• WHAT IS NEEDED
In the records below, find the line containing "Gorgonian korall hälsningskort"; restate it and every later line word for word, through the last.

• EXERCISE DATA
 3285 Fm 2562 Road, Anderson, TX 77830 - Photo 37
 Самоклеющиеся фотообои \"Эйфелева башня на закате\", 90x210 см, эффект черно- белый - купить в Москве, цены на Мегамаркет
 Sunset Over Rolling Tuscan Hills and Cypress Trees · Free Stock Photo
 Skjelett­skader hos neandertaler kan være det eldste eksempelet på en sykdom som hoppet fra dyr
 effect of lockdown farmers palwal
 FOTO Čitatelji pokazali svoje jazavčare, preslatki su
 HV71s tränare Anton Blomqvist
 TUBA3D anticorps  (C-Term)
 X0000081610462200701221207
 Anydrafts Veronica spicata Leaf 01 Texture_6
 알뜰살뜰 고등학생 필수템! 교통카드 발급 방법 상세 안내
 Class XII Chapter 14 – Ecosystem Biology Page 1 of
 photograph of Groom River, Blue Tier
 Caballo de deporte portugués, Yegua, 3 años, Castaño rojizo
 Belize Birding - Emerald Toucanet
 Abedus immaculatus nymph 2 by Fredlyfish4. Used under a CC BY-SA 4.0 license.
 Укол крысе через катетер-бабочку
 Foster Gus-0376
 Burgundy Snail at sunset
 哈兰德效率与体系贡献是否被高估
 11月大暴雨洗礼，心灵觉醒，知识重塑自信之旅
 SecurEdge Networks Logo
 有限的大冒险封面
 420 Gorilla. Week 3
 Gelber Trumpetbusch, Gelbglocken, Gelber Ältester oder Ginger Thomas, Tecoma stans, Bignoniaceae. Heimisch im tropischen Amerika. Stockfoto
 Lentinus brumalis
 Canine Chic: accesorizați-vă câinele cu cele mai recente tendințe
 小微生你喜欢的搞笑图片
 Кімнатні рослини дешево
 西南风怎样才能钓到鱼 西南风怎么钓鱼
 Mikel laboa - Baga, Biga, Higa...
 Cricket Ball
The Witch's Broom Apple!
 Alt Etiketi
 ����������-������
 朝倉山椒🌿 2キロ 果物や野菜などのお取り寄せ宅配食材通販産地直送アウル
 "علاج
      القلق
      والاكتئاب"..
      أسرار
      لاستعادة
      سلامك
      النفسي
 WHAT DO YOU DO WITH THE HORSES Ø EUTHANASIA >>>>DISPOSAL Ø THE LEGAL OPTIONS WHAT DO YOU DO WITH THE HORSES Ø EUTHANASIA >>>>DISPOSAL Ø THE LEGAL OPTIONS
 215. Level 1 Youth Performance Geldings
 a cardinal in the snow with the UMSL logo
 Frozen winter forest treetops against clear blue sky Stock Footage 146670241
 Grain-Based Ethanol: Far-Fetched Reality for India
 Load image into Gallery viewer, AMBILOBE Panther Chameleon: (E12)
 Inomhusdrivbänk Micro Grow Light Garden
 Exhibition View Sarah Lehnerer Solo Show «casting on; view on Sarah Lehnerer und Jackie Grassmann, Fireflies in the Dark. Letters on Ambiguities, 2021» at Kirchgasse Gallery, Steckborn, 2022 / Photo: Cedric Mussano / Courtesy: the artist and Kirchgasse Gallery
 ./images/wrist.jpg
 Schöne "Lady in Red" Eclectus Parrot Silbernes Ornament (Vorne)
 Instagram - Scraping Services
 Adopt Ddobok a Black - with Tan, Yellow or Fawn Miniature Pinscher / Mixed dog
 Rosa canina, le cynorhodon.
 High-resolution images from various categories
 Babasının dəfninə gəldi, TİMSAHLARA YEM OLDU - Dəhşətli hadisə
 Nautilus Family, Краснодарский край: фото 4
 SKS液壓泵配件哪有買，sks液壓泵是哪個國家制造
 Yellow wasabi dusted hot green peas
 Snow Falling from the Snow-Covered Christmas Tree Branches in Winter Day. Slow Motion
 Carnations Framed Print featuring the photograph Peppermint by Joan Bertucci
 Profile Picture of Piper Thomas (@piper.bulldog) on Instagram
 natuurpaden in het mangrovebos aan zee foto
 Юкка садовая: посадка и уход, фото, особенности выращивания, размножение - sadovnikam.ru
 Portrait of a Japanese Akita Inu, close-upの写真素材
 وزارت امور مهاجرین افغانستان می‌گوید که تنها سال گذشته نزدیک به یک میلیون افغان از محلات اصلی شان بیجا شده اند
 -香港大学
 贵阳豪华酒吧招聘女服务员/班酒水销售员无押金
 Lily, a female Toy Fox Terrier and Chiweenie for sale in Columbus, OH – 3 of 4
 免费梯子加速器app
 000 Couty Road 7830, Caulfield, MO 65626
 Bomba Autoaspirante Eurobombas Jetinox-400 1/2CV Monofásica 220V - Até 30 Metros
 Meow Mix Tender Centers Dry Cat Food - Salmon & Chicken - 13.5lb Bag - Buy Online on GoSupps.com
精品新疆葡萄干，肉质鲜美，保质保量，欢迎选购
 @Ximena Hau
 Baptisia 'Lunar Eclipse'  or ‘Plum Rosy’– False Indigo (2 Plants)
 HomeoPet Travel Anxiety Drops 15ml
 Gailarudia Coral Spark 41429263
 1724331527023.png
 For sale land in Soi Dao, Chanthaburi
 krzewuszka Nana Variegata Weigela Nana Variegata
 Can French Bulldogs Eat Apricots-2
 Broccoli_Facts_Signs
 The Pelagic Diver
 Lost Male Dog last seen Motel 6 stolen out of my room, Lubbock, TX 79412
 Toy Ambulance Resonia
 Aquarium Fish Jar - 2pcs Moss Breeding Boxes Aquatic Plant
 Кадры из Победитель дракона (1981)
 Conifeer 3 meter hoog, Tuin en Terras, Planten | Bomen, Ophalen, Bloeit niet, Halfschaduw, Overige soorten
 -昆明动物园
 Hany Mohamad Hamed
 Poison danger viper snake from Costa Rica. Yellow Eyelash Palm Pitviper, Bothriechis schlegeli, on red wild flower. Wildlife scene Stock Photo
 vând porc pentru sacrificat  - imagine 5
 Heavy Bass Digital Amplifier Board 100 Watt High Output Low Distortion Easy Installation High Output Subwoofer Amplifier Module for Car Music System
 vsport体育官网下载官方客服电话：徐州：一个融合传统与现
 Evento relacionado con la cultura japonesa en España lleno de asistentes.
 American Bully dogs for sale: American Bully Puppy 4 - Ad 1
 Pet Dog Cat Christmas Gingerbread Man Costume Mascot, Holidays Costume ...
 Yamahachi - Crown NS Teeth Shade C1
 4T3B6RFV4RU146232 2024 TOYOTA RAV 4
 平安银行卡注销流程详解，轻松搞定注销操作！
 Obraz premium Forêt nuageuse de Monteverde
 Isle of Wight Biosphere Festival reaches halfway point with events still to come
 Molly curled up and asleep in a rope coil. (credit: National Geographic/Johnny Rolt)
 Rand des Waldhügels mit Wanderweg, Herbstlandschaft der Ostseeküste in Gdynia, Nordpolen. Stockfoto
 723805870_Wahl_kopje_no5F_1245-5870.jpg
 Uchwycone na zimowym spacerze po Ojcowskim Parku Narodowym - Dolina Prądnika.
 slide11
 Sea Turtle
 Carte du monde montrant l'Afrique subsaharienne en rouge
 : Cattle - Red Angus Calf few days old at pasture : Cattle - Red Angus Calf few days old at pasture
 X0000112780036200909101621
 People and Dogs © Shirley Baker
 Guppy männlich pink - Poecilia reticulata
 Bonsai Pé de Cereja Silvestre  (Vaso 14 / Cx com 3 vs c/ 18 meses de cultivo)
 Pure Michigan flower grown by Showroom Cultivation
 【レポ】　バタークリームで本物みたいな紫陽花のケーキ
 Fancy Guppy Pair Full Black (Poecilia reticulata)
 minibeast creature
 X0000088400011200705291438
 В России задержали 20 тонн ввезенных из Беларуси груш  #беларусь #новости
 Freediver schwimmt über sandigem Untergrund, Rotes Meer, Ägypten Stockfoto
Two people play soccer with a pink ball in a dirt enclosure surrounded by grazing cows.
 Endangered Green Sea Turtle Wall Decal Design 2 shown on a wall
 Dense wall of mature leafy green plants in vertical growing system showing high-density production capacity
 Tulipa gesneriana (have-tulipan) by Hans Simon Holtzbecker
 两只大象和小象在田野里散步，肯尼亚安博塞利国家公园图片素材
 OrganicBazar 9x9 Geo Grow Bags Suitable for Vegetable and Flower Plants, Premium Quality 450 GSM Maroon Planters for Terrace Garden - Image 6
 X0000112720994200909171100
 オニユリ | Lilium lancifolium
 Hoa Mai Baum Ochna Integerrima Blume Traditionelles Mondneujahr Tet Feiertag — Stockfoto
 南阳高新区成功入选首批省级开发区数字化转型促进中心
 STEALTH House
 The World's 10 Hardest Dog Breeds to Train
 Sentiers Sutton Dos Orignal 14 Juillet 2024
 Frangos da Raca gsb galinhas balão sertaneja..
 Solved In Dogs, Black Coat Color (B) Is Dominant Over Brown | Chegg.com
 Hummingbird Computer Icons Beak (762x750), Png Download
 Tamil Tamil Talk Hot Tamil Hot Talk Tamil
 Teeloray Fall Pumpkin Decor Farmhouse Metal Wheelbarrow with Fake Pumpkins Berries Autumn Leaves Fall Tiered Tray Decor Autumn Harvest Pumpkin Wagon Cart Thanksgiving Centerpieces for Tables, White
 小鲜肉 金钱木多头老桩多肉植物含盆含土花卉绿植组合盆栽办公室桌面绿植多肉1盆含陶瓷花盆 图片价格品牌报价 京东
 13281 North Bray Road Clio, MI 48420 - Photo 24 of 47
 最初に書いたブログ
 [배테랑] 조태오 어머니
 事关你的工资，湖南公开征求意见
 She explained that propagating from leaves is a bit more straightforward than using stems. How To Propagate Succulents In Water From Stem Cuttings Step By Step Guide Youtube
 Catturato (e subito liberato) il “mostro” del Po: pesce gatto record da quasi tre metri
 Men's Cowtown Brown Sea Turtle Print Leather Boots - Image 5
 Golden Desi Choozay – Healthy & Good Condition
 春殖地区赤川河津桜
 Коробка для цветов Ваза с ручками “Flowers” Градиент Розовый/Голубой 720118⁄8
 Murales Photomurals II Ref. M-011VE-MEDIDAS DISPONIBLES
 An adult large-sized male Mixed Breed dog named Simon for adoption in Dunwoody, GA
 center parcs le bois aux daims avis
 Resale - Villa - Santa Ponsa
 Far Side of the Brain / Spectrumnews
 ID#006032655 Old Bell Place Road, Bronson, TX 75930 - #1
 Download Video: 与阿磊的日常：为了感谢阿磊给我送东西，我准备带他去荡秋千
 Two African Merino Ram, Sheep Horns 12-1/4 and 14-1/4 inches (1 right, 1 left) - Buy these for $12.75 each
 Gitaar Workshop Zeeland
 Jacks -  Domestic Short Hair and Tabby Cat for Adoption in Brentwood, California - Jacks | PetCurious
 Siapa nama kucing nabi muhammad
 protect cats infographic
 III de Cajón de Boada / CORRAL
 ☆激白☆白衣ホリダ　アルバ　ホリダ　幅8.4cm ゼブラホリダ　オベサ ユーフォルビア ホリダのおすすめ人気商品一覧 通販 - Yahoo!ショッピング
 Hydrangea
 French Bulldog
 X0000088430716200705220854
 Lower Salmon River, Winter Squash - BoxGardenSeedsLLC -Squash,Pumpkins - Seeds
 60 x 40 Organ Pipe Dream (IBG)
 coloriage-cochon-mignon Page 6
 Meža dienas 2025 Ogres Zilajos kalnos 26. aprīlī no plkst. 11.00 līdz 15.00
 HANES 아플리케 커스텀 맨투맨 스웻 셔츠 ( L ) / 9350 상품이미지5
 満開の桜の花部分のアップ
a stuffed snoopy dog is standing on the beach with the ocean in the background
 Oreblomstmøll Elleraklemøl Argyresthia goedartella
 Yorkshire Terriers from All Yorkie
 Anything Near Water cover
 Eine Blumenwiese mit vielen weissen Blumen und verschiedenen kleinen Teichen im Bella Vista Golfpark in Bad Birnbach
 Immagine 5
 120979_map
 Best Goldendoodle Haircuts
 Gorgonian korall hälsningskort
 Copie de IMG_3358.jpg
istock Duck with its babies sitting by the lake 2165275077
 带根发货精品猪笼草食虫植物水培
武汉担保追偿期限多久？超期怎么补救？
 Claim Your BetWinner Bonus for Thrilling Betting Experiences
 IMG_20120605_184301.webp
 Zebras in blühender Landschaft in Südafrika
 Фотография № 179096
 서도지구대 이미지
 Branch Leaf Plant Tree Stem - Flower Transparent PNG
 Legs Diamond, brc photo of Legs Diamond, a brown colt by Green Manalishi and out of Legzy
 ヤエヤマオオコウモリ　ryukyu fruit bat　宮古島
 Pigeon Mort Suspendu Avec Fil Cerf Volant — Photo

• EXERCISE ANSWER
 Gorgonian korall hälsningskort
 Copie de IMG_3358.jpg
istock Duck with its babies sitting by the lake 2165275077
 带根发货精品猪笼草食虫植物水培
武汉担保追偿期限多久？超期怎么补救？
 Claim Your BetWinner Bonus for Thrilling Betting Experiences
 IMG_20120605_184301.webp
 Zebras in blühender Landschaft in Südafrika
 Фотография № 179096
 서도지구대 이미지
 Branch Leaf Plant Tree Stem - Flower Transparent PNG
 Legs Diamond, brc photo of Legs Diamond, a brown colt by Green Manalishi and out of Legzy
 ヤエヤマオオコウモリ　ryukyu fruit bat　宮古島
 Pigeon Mort Suspendu Avec Fil Cerf Volant — Photo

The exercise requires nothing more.